Loading...
BUDAYA
Penulis: Ignatius Dwiana 06:23 WIB | Senin, 23 September 2013

Film Jembatan Bacem: Kisah Penghilangan Paksa Korban 65

Yayan Wiludiharto. (Foto: Ignatius Dwiana)

JAKARTA, SATUHARAPAN.COM - Peristiwa 1965 terjadi sangat sistematis dan birokratis. Peristiwa itu bukan hal yang terjadi mendadak dan serta merta saja terjadi. Orang-orang yang dituduh dan dicurigai keluarga komunis, keluarga Partai Komunis Indonesia (PKI), organisasi yang dituduh underbouw PKI, dan segala macam pendukung Soekarno, dipanggil dan dikumpulkan di kantor kecamatan dan Balai Kota Solo.

“Mereka semua dikumpulkan di situ. Mereka dibagi-bagi di beberapa tempat di kota Solo. Ternyata setiap malam ada istilah bon. Bahkan istilah bon masih dipakai sampai sekarang. Ketika peristiwa Cebongan, masih ada istilah bon itu. Artinya peristiwa itu memang berulang, orang bisa meminjam. Memanggil orang dari satu tempat ke tempat untuk membunuh, itu yang terjadi di Solo," kata Yayan Wiludiharto.

"Jadi, orang-orang ini dipanggil dan dibawa oleh satu kelompok, diambil dari satu tempat. Istilahnya di-bon pada malam hari. Kemudian dibawa ke satu tempat. Kemudian dioper ke kelompok lain lagi. Jadi antara satu kelompok dengan kelompok lain itu tidak saling kenal,” kata Yayan Wiludiharto menambahkan. Dia adalah aktivis hak asasi manusia dan script writer “Jembatan Bacem”.

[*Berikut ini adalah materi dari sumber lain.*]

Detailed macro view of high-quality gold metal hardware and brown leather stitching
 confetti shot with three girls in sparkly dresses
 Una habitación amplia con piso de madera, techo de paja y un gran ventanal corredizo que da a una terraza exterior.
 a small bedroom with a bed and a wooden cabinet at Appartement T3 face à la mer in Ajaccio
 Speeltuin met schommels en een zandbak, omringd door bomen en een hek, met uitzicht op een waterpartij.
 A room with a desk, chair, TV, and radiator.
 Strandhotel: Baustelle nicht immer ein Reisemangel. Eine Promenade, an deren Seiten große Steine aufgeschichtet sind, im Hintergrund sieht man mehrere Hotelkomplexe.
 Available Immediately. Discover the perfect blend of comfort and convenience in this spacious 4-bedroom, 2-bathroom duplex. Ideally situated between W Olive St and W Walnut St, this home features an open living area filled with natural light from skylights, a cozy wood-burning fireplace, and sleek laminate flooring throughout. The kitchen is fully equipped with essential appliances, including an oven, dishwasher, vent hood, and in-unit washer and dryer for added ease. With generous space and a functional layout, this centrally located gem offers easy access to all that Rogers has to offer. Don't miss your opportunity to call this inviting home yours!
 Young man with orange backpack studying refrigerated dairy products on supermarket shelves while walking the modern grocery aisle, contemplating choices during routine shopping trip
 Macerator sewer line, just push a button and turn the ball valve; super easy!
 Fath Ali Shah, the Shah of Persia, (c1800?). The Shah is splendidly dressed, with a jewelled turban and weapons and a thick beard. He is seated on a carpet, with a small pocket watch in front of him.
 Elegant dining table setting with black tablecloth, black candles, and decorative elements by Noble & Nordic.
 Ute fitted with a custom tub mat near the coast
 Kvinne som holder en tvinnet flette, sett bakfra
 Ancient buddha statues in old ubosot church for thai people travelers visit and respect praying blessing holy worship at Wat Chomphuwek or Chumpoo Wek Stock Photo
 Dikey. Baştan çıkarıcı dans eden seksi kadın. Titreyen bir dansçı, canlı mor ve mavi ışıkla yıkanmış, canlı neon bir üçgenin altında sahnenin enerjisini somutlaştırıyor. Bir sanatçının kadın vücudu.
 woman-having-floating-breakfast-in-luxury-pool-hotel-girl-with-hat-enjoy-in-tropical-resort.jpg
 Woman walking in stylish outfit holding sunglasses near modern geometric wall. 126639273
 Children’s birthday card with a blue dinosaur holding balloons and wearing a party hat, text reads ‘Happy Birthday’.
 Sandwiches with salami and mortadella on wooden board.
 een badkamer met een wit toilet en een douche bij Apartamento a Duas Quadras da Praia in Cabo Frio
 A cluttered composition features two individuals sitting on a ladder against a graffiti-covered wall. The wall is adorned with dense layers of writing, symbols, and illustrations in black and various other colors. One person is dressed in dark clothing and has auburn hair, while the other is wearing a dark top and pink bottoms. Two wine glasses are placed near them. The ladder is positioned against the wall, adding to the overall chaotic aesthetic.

“Terus yang mengeksekusi tidak pernah tahu. Jadi kalau dalam film saya, orang dari Klaten dipindah ke Sukoharjo. Orang dari Sukoharjo dipindah ke Klaten. Mereka tidak akan mengenali tetangganya. Seperti rantai terputus sehingga informasi penghilangan paksa itu sekaligus pula penghilangan jejak. Sulit sekali melacak peristiwa penghilangan paksa itu,” kata dia.

Perasaan Para Korban

"Jembatan Bacem" merupakan satu tempat di Sukoharjo, Jawa Tengah, yang di bawahnya mengalir sungai Bengawan Solo. Tempat itu merupakan tempat eksekusi dan kemudian menjadi simbol bagi para keluarga korban ’65 yang kehilangan keluarga, sanak saudara, dan kerabatnya. Mereka berdoa dan tabur bunga, dalam istilah Jawa disebut nyadran. Ini terjadi di tahun 2005. "Jembatan Bacem" merupakan jembatan perasaan para keluarga korban ’65.

“Sebelumnya, masyarakat di Solo atau orang-orang yang menjadi korban itu tidak pernah tahu apakah betul saudaranya, atau anggota keluarganya, atau bapaknya dibunuh di tempat itu. Tidak ada yang pernah tahu. Gak ada informasi apa pun,” kata Yayan.

Peristiwa "Jembatan Bacem" terjadi pada bulan Desember 1965. Saksi mata peristiwa itu yang ditemui pada tahun 2007 menyebutkan ada satu atau dua orang yang lolos dalam eksekusi. Baru pada tahun 2012, Yayan Wiludiharto pada akhirnya bertemu dengan orang tersebut. Akhirnya, dia menyatukan periode footage dari 2005 hingga 2012 untuk film “Jembatan Bacem” dan baru sekitar tahun 2013 selesai..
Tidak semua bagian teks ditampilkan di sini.